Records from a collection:
○ ○ ○ ○

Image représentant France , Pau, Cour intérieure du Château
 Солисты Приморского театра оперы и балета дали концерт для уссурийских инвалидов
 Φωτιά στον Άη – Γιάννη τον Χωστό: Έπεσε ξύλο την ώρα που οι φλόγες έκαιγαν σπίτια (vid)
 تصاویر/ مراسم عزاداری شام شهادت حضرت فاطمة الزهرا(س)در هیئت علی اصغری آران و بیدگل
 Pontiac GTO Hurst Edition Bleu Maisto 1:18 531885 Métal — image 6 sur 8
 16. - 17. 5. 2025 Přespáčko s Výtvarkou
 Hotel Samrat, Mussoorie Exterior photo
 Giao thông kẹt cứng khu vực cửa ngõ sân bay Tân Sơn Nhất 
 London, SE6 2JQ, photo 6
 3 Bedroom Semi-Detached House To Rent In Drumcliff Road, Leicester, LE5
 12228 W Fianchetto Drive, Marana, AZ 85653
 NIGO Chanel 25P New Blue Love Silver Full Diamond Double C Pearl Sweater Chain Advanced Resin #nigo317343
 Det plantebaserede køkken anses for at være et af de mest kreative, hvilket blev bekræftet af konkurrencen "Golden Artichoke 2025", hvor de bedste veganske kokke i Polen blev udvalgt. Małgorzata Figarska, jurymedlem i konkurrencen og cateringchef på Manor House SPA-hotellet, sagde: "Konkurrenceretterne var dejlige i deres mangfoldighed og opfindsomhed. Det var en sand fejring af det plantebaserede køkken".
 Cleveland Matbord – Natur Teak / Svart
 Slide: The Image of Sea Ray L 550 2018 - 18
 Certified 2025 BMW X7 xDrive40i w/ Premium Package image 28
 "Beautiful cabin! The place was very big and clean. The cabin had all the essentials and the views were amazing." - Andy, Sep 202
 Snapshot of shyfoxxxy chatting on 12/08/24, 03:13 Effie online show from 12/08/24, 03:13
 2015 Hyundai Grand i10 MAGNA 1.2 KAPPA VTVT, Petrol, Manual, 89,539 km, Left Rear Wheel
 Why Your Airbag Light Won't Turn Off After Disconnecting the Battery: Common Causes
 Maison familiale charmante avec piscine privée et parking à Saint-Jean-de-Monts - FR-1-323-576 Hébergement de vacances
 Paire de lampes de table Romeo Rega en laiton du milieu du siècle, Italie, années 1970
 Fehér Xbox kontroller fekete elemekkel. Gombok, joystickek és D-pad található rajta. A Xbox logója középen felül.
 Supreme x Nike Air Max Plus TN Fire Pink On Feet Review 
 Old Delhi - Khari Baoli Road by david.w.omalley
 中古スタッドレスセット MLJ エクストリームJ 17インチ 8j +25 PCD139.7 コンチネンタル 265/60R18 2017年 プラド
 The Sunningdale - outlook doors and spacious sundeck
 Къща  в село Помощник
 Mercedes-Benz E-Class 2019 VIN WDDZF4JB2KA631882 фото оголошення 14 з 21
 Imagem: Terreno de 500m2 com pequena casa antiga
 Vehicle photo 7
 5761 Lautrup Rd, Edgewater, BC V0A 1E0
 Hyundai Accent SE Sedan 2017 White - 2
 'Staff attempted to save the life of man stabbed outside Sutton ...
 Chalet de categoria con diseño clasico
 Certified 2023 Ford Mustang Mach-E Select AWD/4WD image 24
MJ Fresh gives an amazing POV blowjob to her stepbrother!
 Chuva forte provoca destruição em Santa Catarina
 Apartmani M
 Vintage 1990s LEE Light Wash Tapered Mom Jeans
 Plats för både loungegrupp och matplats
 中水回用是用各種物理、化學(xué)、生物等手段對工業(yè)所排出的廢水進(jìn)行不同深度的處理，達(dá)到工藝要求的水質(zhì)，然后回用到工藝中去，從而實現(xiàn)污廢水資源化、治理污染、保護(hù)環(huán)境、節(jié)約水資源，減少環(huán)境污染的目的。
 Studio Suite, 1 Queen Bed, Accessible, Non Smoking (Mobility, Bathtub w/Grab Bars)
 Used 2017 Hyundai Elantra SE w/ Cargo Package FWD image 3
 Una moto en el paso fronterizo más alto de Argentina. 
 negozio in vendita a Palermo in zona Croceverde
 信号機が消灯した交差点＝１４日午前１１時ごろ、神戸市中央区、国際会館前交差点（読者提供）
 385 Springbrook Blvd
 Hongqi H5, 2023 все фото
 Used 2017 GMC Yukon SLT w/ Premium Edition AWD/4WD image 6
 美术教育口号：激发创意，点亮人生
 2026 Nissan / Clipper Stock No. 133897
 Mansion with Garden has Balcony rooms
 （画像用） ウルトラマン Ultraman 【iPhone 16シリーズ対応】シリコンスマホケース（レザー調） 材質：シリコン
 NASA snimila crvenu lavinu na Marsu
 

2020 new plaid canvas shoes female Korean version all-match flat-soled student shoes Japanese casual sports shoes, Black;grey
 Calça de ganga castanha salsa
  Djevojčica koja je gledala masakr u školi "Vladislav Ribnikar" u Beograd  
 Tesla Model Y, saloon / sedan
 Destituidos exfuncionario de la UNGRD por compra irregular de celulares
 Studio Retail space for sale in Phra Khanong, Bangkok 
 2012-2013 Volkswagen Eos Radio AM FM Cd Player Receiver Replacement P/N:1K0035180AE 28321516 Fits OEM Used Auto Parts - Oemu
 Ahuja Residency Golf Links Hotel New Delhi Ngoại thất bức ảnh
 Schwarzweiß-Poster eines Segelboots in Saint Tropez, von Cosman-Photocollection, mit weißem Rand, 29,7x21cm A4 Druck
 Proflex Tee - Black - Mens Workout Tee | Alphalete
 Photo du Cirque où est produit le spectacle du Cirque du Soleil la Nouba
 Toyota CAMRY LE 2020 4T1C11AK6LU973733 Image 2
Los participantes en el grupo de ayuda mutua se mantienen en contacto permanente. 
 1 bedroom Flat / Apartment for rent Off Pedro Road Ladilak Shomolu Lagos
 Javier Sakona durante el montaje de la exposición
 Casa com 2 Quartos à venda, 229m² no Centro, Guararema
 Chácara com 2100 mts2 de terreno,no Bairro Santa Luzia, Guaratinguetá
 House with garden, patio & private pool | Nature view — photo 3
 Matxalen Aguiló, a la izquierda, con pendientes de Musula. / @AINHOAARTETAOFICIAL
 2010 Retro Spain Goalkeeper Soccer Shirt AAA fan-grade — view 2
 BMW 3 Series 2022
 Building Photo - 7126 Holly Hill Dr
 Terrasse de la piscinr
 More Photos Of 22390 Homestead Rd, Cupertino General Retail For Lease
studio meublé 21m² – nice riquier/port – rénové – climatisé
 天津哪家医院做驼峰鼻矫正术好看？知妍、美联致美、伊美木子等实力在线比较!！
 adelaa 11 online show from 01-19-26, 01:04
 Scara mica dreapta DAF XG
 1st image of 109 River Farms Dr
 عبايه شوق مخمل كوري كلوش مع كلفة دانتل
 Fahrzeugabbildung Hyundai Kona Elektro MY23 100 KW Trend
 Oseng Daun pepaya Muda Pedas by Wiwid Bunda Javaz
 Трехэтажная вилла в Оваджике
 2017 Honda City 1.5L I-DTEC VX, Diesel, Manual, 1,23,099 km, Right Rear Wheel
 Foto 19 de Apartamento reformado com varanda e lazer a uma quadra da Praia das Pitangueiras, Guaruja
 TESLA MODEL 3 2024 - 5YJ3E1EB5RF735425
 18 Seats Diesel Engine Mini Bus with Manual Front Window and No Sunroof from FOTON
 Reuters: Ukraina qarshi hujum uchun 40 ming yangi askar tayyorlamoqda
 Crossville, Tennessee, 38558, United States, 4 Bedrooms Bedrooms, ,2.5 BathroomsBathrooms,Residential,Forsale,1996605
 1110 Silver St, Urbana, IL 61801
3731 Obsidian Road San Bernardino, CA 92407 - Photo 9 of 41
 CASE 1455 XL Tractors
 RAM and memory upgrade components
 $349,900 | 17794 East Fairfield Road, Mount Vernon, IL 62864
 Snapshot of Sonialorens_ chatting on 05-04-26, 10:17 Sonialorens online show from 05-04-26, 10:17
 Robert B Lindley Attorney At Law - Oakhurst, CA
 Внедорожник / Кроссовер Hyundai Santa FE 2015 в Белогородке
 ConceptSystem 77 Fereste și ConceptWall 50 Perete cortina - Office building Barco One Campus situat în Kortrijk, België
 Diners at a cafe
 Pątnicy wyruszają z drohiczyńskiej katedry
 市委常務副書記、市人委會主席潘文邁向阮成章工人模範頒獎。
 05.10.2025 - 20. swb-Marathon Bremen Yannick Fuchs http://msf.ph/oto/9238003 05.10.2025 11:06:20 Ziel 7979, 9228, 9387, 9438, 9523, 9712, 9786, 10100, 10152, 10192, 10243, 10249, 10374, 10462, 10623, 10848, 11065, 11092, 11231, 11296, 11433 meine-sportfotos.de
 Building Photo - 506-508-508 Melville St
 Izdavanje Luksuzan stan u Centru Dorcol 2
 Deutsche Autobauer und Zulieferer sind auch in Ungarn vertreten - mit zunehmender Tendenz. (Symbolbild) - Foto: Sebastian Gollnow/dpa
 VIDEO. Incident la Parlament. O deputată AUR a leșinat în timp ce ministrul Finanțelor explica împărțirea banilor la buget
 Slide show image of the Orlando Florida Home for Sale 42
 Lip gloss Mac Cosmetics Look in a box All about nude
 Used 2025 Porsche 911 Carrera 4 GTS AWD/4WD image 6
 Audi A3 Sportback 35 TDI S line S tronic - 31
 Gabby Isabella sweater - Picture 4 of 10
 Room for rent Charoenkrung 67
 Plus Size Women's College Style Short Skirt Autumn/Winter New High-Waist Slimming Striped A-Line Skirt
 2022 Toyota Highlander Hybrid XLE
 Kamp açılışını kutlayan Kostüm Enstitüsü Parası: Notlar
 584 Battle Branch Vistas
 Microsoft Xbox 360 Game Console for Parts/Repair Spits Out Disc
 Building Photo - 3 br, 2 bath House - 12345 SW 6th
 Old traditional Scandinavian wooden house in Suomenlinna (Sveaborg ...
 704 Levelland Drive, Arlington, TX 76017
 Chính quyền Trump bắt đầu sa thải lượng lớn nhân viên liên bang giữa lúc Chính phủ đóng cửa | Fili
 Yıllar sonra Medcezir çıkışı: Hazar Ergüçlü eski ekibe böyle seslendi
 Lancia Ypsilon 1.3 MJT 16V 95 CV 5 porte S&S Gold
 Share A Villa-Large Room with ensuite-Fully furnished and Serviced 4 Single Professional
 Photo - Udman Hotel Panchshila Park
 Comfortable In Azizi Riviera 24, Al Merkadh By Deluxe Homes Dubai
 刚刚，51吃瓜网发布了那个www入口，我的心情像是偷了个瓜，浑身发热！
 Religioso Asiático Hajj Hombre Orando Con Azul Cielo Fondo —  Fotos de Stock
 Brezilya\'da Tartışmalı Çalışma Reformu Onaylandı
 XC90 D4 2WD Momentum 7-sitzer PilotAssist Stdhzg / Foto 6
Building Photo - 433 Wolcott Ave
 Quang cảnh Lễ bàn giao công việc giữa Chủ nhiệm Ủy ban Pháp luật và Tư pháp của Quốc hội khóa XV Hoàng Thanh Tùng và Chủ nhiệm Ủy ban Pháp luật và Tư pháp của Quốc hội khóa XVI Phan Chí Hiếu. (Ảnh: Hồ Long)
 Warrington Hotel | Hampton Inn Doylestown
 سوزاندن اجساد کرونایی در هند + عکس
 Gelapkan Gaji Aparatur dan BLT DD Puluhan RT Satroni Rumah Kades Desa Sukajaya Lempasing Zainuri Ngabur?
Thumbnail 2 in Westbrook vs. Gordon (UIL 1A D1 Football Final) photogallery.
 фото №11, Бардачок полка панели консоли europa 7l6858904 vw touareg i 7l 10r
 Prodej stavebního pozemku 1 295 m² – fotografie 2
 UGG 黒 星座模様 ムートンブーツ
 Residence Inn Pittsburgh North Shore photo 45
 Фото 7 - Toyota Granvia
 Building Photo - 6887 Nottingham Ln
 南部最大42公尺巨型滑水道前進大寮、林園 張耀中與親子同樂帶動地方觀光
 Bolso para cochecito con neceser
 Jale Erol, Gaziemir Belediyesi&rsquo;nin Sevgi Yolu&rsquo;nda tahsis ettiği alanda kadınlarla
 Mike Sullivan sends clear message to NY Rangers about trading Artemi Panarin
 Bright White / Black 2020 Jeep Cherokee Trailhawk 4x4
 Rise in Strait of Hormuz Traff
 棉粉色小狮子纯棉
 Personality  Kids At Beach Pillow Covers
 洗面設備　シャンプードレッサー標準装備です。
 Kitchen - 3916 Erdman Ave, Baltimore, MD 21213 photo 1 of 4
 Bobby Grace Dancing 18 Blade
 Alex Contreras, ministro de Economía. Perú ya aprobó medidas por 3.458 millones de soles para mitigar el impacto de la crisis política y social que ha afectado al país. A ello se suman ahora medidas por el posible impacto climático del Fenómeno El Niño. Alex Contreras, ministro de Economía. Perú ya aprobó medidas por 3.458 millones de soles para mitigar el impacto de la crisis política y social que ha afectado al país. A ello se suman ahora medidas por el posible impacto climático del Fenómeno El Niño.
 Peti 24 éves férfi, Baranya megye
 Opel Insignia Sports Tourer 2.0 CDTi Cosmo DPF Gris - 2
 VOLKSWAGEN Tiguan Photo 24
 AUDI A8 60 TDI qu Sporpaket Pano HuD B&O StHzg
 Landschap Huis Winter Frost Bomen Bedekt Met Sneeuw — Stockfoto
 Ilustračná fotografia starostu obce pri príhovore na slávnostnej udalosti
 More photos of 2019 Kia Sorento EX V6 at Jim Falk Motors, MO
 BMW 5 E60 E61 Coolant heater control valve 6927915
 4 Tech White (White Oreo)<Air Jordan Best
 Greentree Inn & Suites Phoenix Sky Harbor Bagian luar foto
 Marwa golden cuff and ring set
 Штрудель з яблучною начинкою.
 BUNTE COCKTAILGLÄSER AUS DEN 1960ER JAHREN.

○ ○ ○ ○

• **Instructions to follow**
Output only an exact transcription of the lines above from the one with "Ahuja Residency Golf" up to and including the one with "Трехэтажная вилла в Оваджике".

• **Solved exercise**
 Ahuja Residency Golf Links Hotel New Delhi Ngoại thất bức ảnh
 Schwarzweiß-Poster eines Segelboots in Saint Tropez, von Cosman-Photocollection, mit weißem Rand, 29,7x21cm A4 Druck
 Proflex Tee - Black - Mens Workout Tee | Alphalete
 Photo du Cirque où est produit le spectacle du Cirque du Soleil la Nouba
 Toyota CAMRY LE 2020 4T1C11AK6LU973733 Image 2
Los participantes en el grupo de ayuda mutua se mantienen en contacto permanente. 
 1 bedroom Flat / Apartment for rent Off Pedro Road Ladilak Shomolu Lagos
 Javier Sakona durante el montaje de la exposición
 Casa com 2 Quartos à venda, 229m² no Centro, Guararema
 Chácara com 2100 mts2 de terreno,no Bairro Santa Luzia, Guaratinguetá
 House with garden, patio & private pool | Nature view — photo 3
 Matxalen Aguiló, a la izquierda, con pendientes de Musula. / @AINHOAARTETAOFICIAL
 2010 Retro Spain Goalkeeper Soccer Shirt AAA fan-grade — view 2
 BMW 3 Series 2022
 Building Photo - 7126 Holly Hill Dr
 Terrasse de la piscinr
 More Photos Of 22390 Homestead Rd, Cupertino General Retail For Lease
studio meublé 21m² – nice riquier/port – rénové – climatisé
 天津哪家医院做驼峰鼻矫正术好看？知妍、美联致美、伊美木子等实力在线比较!！
 adelaa 11 online show from 01-19-26, 01:04
 Scara mica dreapta DAF XG
 1st image of 109 River Farms Dr
 عبايه شوق مخمل كوري كلوش مع كلفة دانتل
 Fahrzeugabbildung Hyundai Kona Elektro MY23 100 KW Trend
 Oseng Daun pepaya Muda Pedas by Wiwid Bunda Javaz
 Трехэтажная вилла в Оваджике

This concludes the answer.